Sunday, September 15, 2019

Can I Have a Fanta?





My nephew’s up.  “Wanna go for a bike ride?”  Dealing with a young male, to paint in broad brushstrokes, is different than with a young gal.  At least this young male and my young females.  He responds without thinking.  “Sure.”

We decide to head in to town.  It’s an unambitious ride of five minutes down the path.  He seems to think it’s very bumpy.  I suppose it is bumpy but then, the pathway isn’t paved.  It’s just gravel and earth. 



There in town there’s a pedestrian mall and we park our bikes.  I ask him if there’s anything he wants to eat.  “Would you like a hot dog from this hot dog man?”  Were I to have been his age, I almost certainly would have replied “Sure.” But he says “Nah.  Can I have a Fanta?”  “Sure.” I reply.  The hot dog man isn’t there.   We wait for a while and he finally shows.  He seems to be in the middle of other things but now, we have secured our soda.    

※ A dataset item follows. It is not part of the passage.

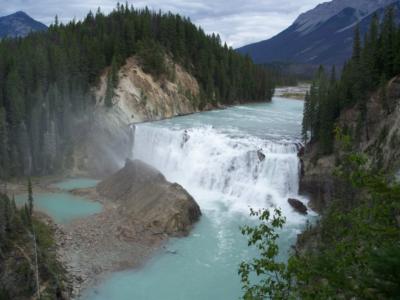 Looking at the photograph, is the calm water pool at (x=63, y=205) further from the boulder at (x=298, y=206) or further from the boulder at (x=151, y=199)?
the boulder at (x=298, y=206)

Off to the side is a table with two tables and an outdoor chess set.  All the pieces are there.  “Would you like to play chess?” I ask.  “Sure.” He responds.  Now we are in the middle of one and then another vicious struggle between good and evil, him vs. me.  Me vs. him.  I find my temperament very pushy, always willing to make equal exchanges of my court, as long as it keeps the opponent on the defensive.  This works well, unless you’re playing with someone who knows what they’re doing. 



Later, everyone is shocked that we’ve been away so long.  We walk the bikes back up the hill, below the porch and everyone asks if we’ve been biking all this time.  Neither of us need to consult the other and respond full throated.  “Sure.”